_Directions_
Exactly reproduce the lines from the line bearing "Ferienhaus Lavaur Außenaufnahme 6" through the end of the listing, inclusive of both; pictures are to be omitted.

_Information provided_
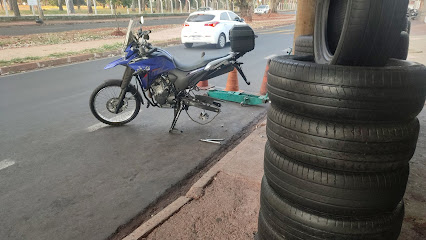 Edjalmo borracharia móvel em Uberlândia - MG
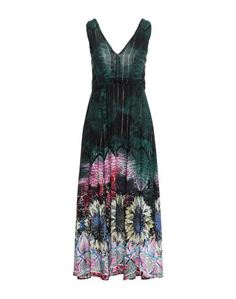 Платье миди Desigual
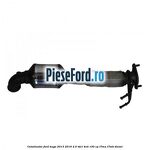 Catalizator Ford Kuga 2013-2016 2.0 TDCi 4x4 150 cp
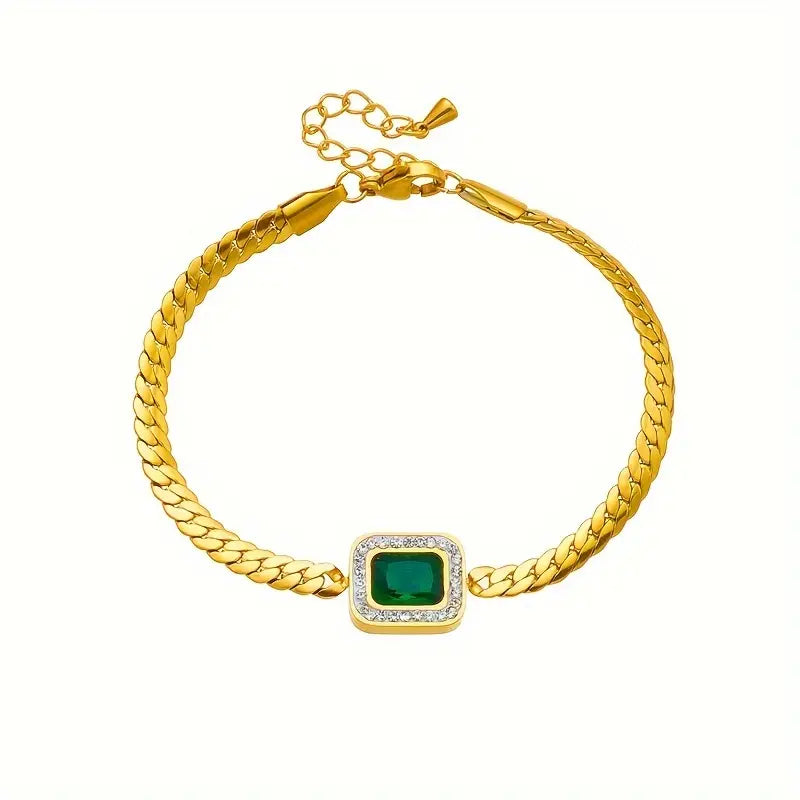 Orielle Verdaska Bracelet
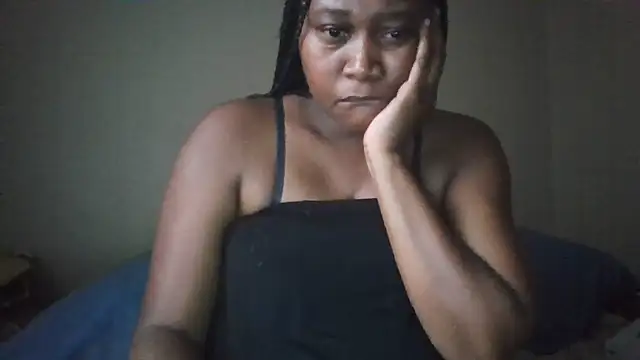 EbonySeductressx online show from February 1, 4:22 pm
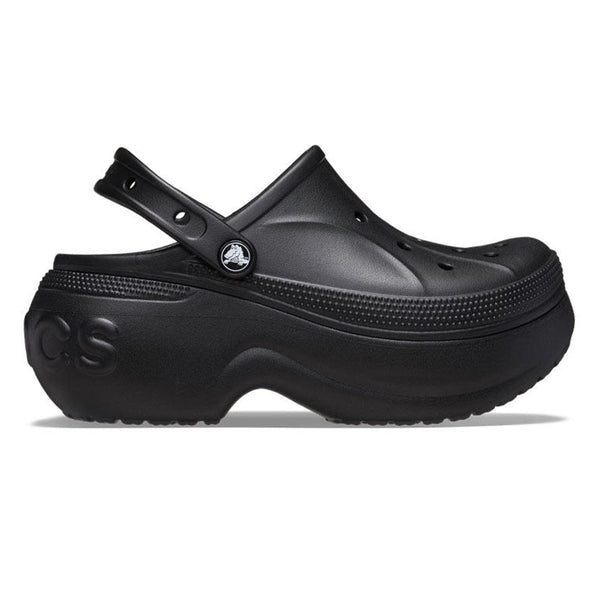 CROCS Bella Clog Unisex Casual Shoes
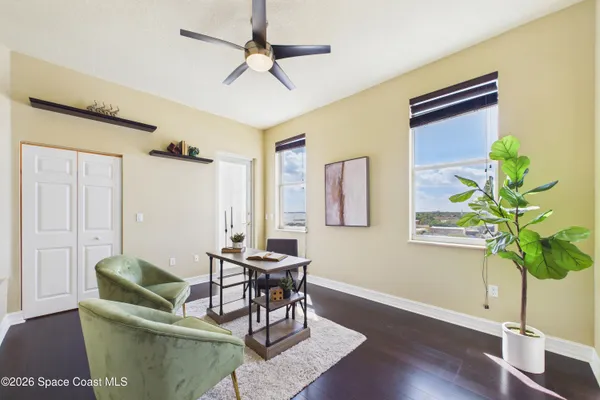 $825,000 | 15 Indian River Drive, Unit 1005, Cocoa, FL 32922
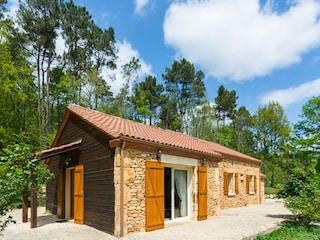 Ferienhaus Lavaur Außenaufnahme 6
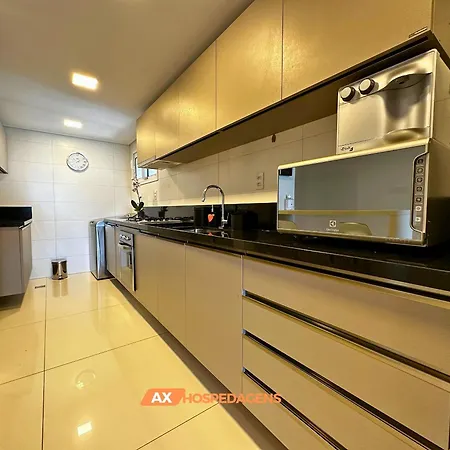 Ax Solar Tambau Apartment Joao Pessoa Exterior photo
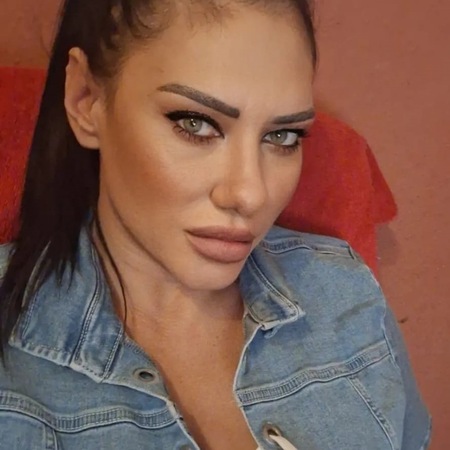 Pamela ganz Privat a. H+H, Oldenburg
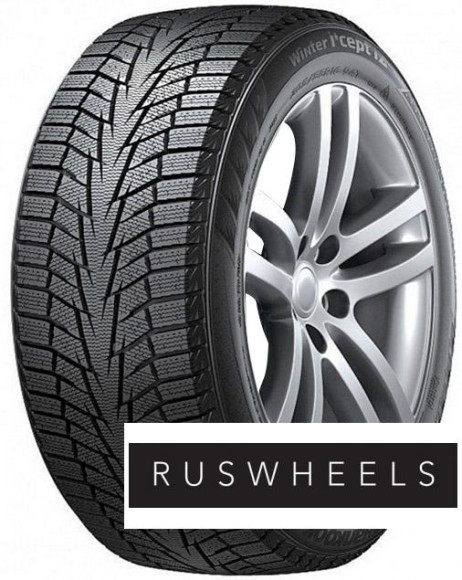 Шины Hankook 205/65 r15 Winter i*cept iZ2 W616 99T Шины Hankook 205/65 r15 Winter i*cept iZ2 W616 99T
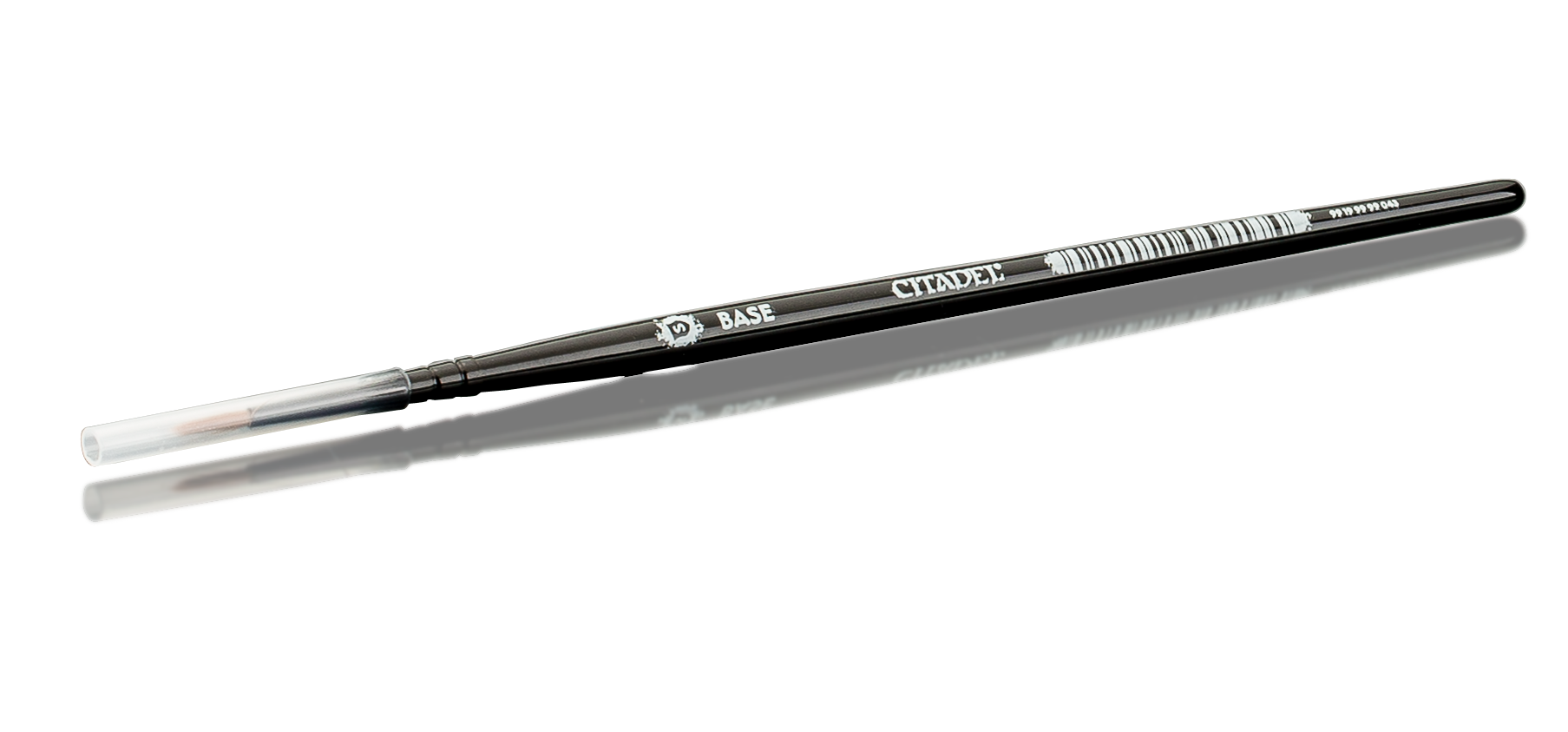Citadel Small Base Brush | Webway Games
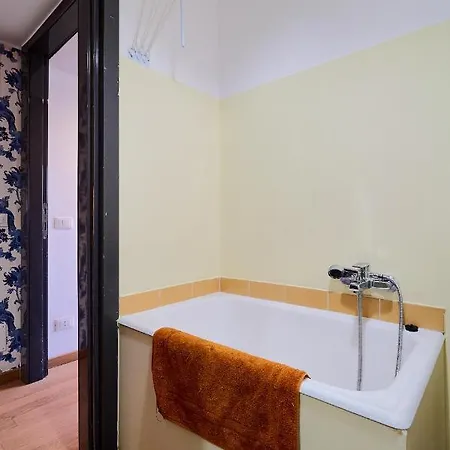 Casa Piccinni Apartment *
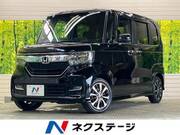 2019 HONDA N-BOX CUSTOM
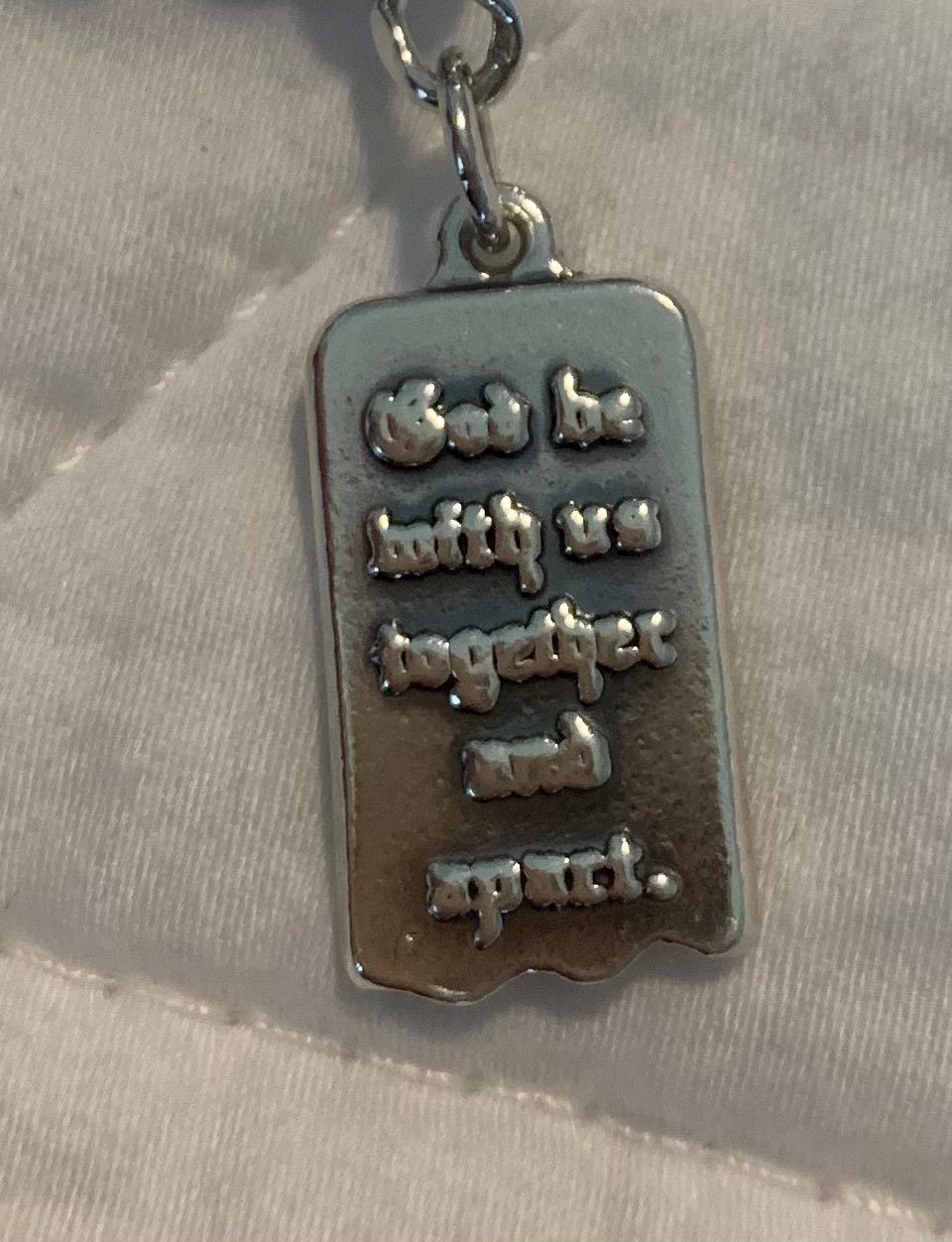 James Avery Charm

_Answer box_
 Ferienhaus Lavaur Außenaufnahme 6
 Ax Solar Tambau Apartment Joao Pessoa Exterior photo
 Pamela ganz Privat a. H+H, Oldenburg
 Шины Hankook 205/65 r15 Winter i*cept iZ2 W616 99T Шины Hankook 205/65 r15 Winter i*cept iZ2 W616 99T
Citadel Small Base Brush | Webway Games
 Casa Piccinni Apartment *
 2019 HONDA N-BOX CUSTOM
 James Avery Charm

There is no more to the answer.